And the list of Apple Pay partners announced so far is dominated by merchants who specialize in high-volume, low-price transactions: Subway, McDonald’s, Panera, Walgreen’s, Duane Reade, Chevron, Texaco, and a whole host of national but not high-end retailers like Macy’s and Toys R Us. (Starbucks is technically in, too, but not really. Starbucks' cash registers don’t have NFC technology, so you will only be able to use Apple Pay’s in-app payment system to reload Starbucks cards.)

To date, just 6 percent of U.S. adults have paid for something in a store by scanning their phone, according to Business Insider research. But things that are very small can grow very quickly, and Apple has a history of successfully reorganizing consumer behavior. The same report predicts mobile payments will grow at a compound annual rate of 154 percent in the next four years.

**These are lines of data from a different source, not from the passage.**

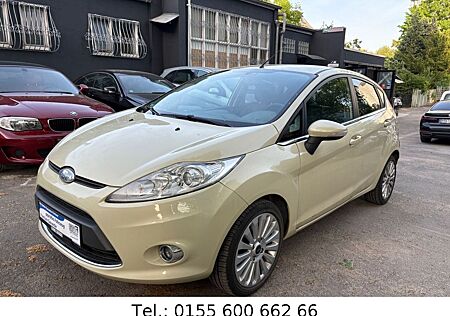 Ford Fiesta Titanium 1.6*Klima*Garantie*Alu*Sparsam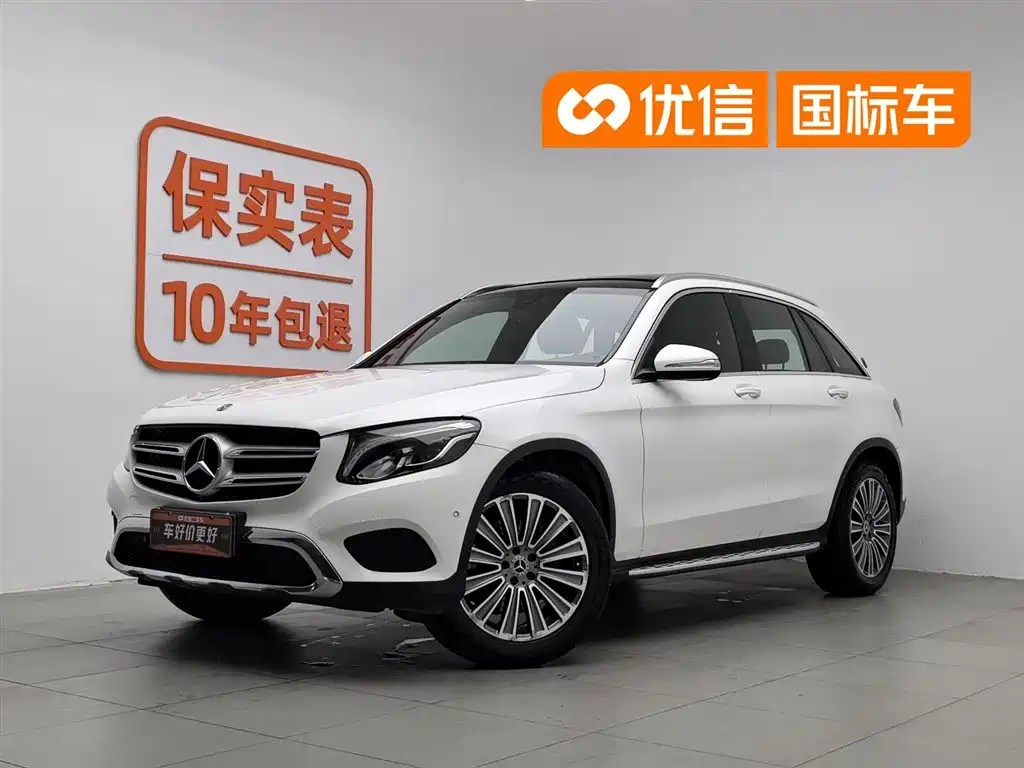 Mercedes-Benz GLC 2017 GLC 200 4MATIC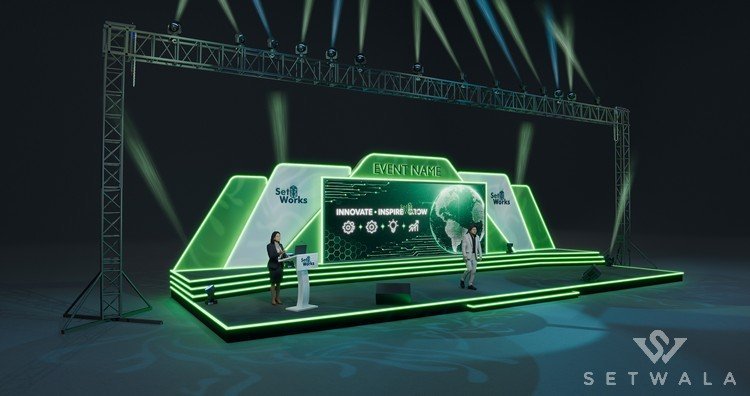 NeoPulse CenterScreen Conference Stage
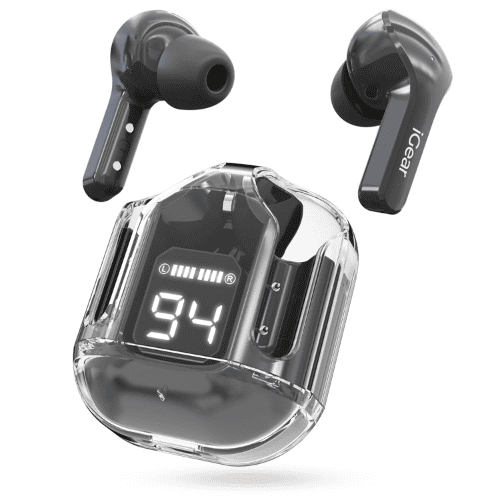 igear-crystal-ig-1025-true-wireless-earbuds-transparent-charging-case-midnight-black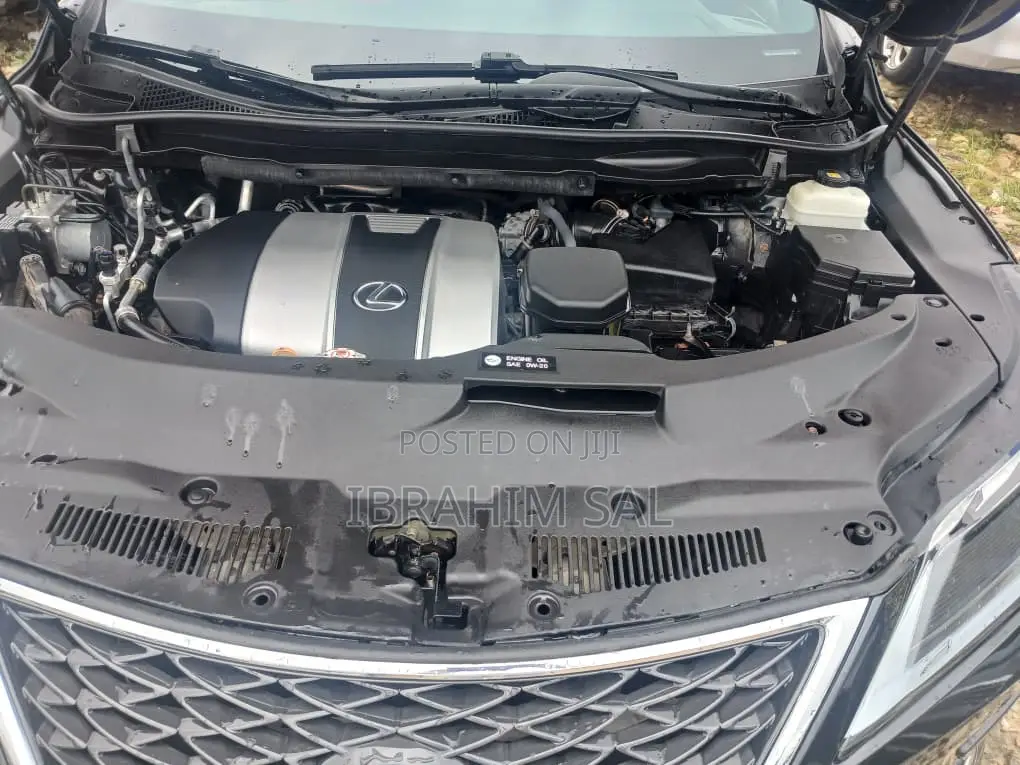 Lexus RX 2021 Black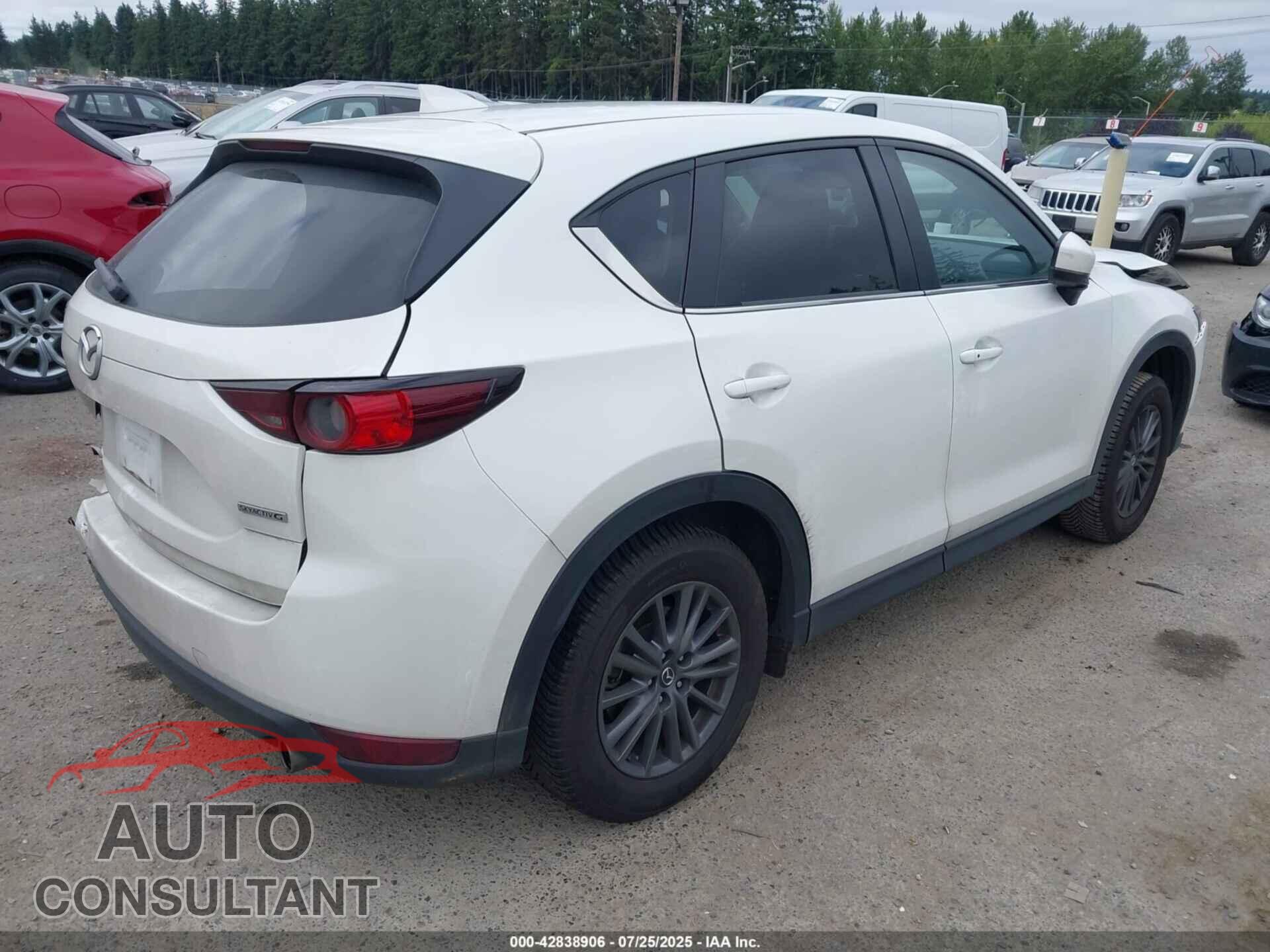 MAZDA CX-5 2021 - JM3KFBCMXM0406611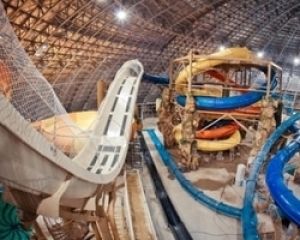 В Донецке открыли аквапарк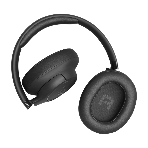 Беспроводные/проводные наушники JBL Tune 730BT черный, полноразмерные, Bluetooth + проводной, быстрая зарядка
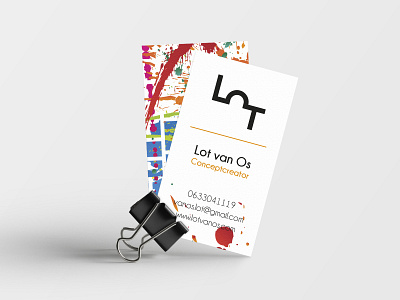 Lot Business card branding design icon illustration logo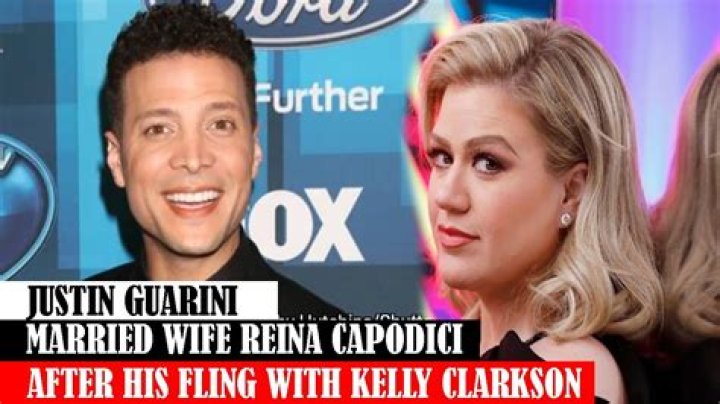 Justin Guarini Met His Wife Reina Capodici In High School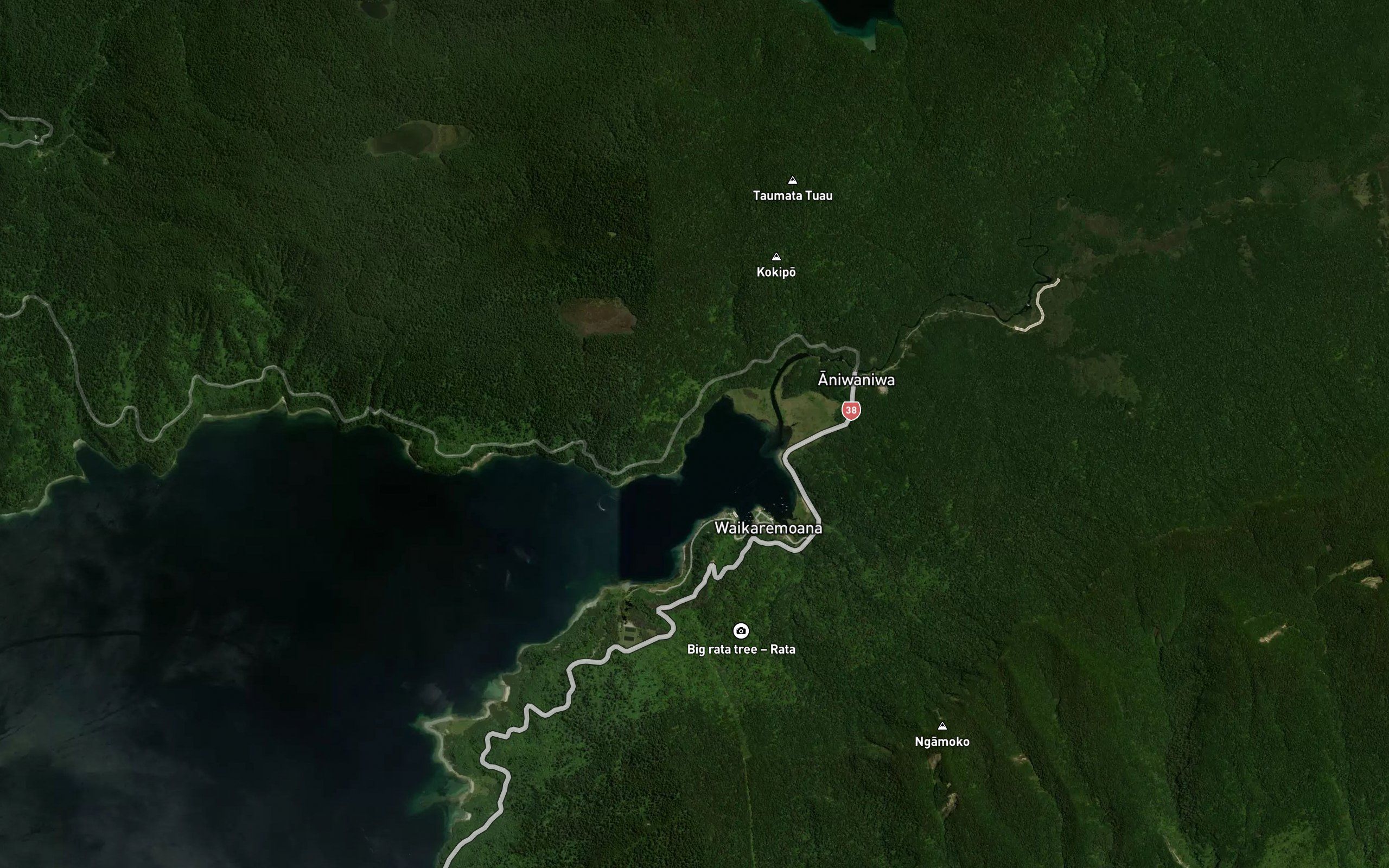 Te Karetu Inlet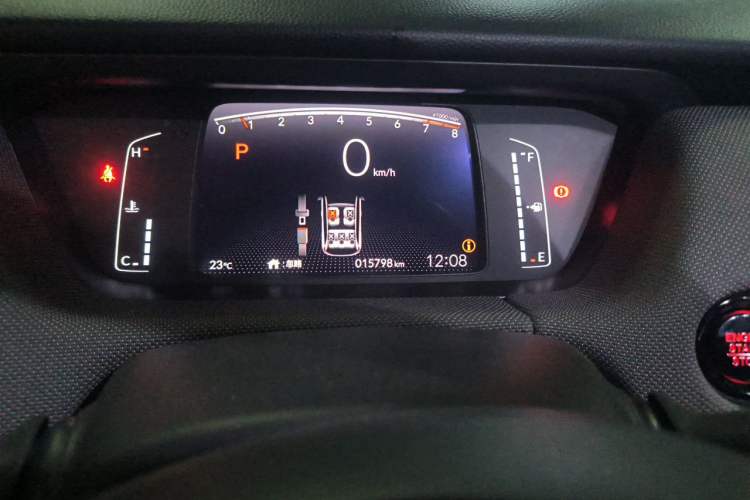 Used Honda LIFE 2021 1.5L CVT SPORT Heartbeat Edition Odometer Close Up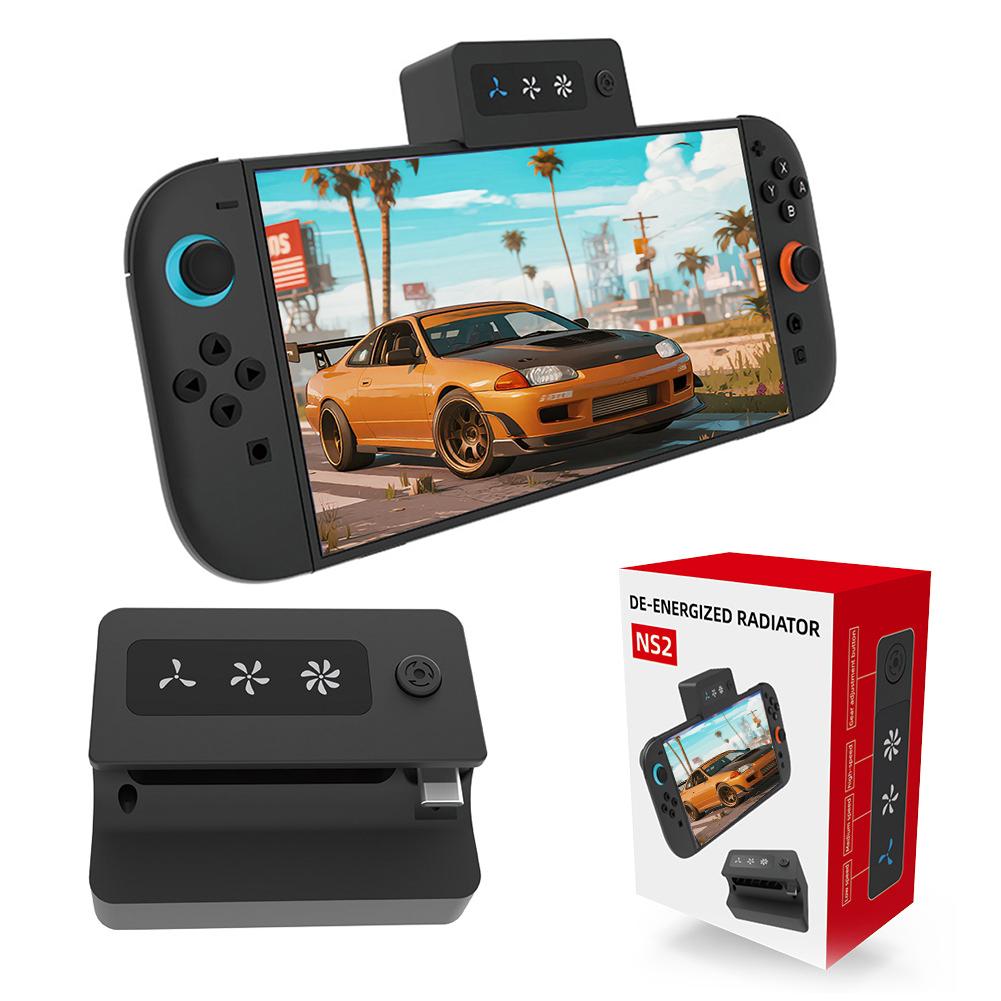 For Switch2 Host Cooling Fan H - огляд і ціна Gaming Accessories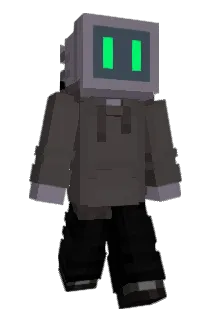 loulouscraft Minecraft avatar full body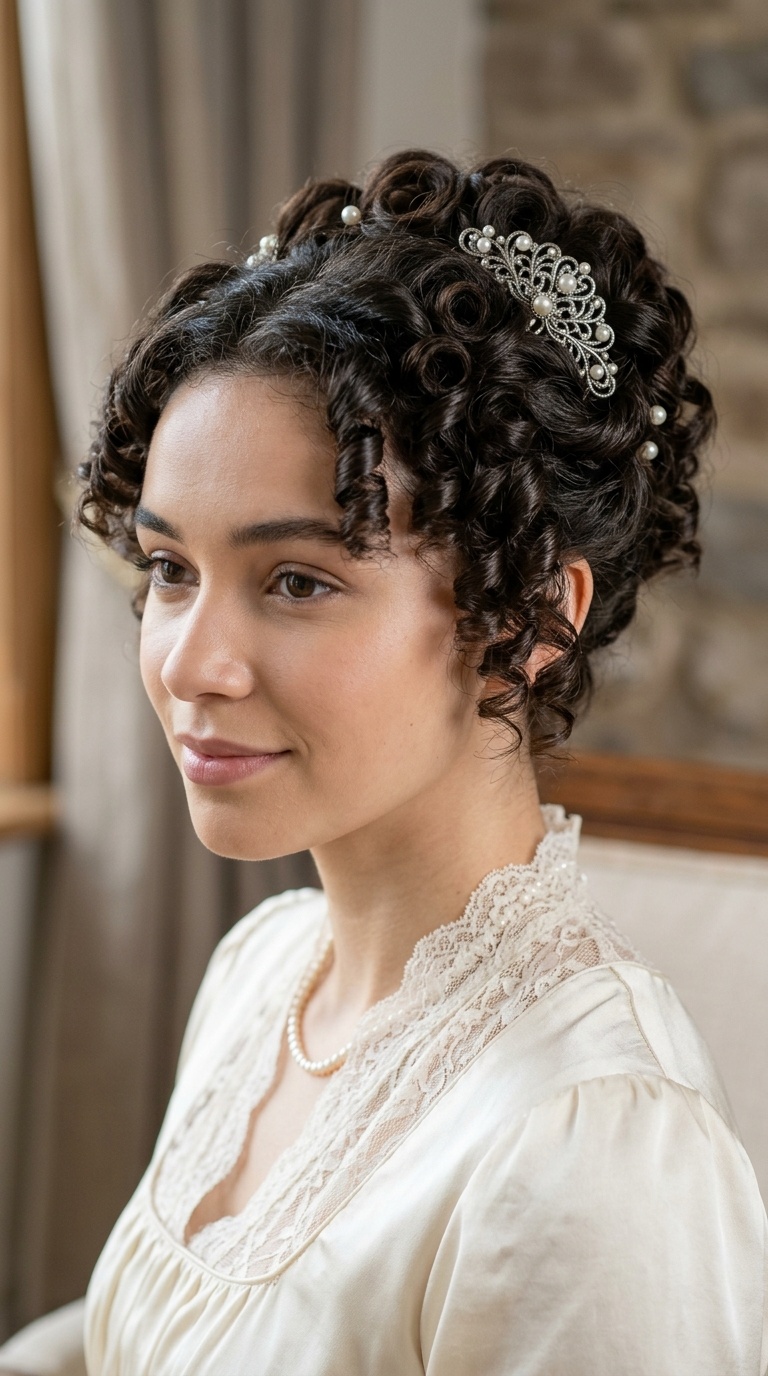 The Faux Curled Updo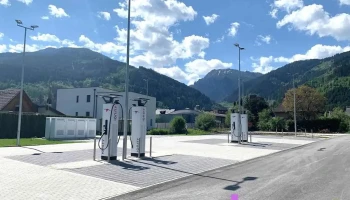 IONITY-Ladestation - Trieben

Apple has competition, of course. Amazon wants to turn your phone into a barcode scanner. Slate’s Ariel Bogle writes that this will allow consumers to take whatever is in their hand, and “immediately buy it on Amazon. Which, of course, will have her payment information conveniently stored.” And then there are the banks and other financial institutions. JP Morgan is participating in Apple Pay, but it’s also developing its own payment app. (CEO Jamie Dimon accurately if inartfully described the bank’s mobile payments strategy: “We’re going to be in other people’s wallets.”) Bogle and Businessweek’s Kyle Stock rightly conclude that the frictionless spontaneity Apple, Amazon, JP Morgan, and other banks are pushing moves consumers further down the continuum of what behavioral economists call decoupling -- the process by which decisions about money are separate from thinking about money.

Credit cards, debit cards, one-click shipping, in-game purchases, and iTunes buying all partially and momentarily displace money as a barrier to buying.

If Pay is successful, Apple will be in a strong bargaining position to demand a cut of the purchases flowing through its phones. Recode’s Liz Gannes showed that there is money in moving desire and purchase closer together. If businesses are making more money because of Pay, they are going to find it hard to say no when Cupertino asks for its cut.